Results of Operations

     The Company's results of operations have been significantly affected by its
success in acquiring oil and gas properties and its ability to maintain or
increase production through its exploitation and exploration activities.
Fluctuations in oil and gas prices have also significantly affected the
Company's results. The following table reflects the Company's oil and gas
production and its average oil and gas sales prices for the periods presented:


                                Three Months Ended
                                     March 31,
                              ----------------------
                                2001         2000
                              --------    ----------
Production:
  Oil (MBbls) -
     U.S. ..................     2,185         2,223
     Argentina .............     2,476(a)      1,921(b)
     Ecuador ...............       337(a)        329(b)
     Bolivia ...............        23(a)         18(b)
     Canada ................        59             -
       Total ...............     5,080(a)      4,491(b)

  Gas (MMcf) -
     U.S. ..................     8,561         8,642
     Argentina .............     2,042         1,483
     Bolivia ...............     1,867         1,126
     Canada ................       830             -
       Total ...............    13,300        11,251

  Total MBOE ...............     7,297         6,366

Average prices:
  Oil (per Bbl) -
     U.S. ..................   $ 25.68(c)    $ 24.32(d)
     Argentina .............     26.05(c)      27.24
     Ecuador ...............     17.98         23.94
     Bolivia ...............     30.66         27.55
     Canada ................     26.39             -
       Total ...............     25.38(c)      25.55(d)

  Gas (per Mcf) -
     U.S. ..................   $  7.85       $  2.36
     Argentina .............      1.45          1.90
     Bolivia ...............      1.97          1.39
     Canada ................      4.89             -
       Total ...............      5.86          2.20

------------------
     (a)  Total production for the three months ended March 31, 2001, before the
          impact of changes in inventories was 5,163 MBbls (Argentina - 2,544
          MBbls, Ecuador - 350 MBbls, Bolivia - 25 MBbls).
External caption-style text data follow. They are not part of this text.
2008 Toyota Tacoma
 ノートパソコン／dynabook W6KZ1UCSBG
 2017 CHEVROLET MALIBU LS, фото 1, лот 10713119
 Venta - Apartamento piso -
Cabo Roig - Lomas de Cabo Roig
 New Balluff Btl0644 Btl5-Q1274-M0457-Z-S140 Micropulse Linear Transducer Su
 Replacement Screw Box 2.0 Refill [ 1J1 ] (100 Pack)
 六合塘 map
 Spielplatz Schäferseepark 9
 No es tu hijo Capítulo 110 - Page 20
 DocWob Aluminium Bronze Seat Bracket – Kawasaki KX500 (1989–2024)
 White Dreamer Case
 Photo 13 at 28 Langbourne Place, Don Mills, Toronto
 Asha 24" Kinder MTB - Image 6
     (b)  Total production for the three months ended March 31, 2000, before the
          impact of changes in inventories was 4,765 MBbls (Argentina - 2,218
          MBbls, Ecuador - 305 MBbls, Bolivia - 19 MBbls).

     (c)  Reflects the impact of oil hedges which increased the Company's first
          quarter 2001 U.S., Argentina and total average oil prices per Bbl by
          $0.62, $1.88 and $1.19, respectively.

     (d)  Reflects the impact of oil hedges which decreased the Company's first
          quarter 2000 U.S. and total average oil prices per Bbl by $1.18 and
          $0.58, respectively.

                                     -14-


     Average U.S. and Canada oil prices received by the Company fluctuate
generally with changes in the NYMEX reference price for oil. The Company's
Argentina oil production is sold at West Texas Intermediate spot prices as
quoted on the Platt's Crude Oil Marketwire (approximately equal to the NYMEX
reference price) less a specified differential. The Company's Ecuador production
is sold to various third party purchasers at West Texas Intermediate spot prices
less a specified differential. The Company experienced a one percent decrease in
its average oil price, including the impact of hedging activities (seven percent
decrease excluding hedging impact), during the first quarter of 2001 as compared
to the same period of 2000. The Company's realized average oil price for the
first three months of 2001 (before hedges) was approximately 84 percent of the
NYMEX reference price compared to 89 percent for the same period of 2000.

     The Company participated in oil hedges covering 2.16 MMBbls and 1.31 MMBbls
during the first three months of 2001 and 2000, respectively. The impact of the
2001 hedges increased the Company's U.S. average oil price for the first three
months of 2001 by 62 cents to $25.68 per Bbl, its Argentina average oil price by
$1.88 to $26.05 per Bbl and its overall average oil price by $1.19 to $25.38 per
Bbl. The impact of the 2000 hedges reduced the Company's U.S. average oil price
for the first three months of 2000 by $1.18 to $24.32 per Bbl, and its overall
average oil price by 58 cents to $25.55 per Bbl.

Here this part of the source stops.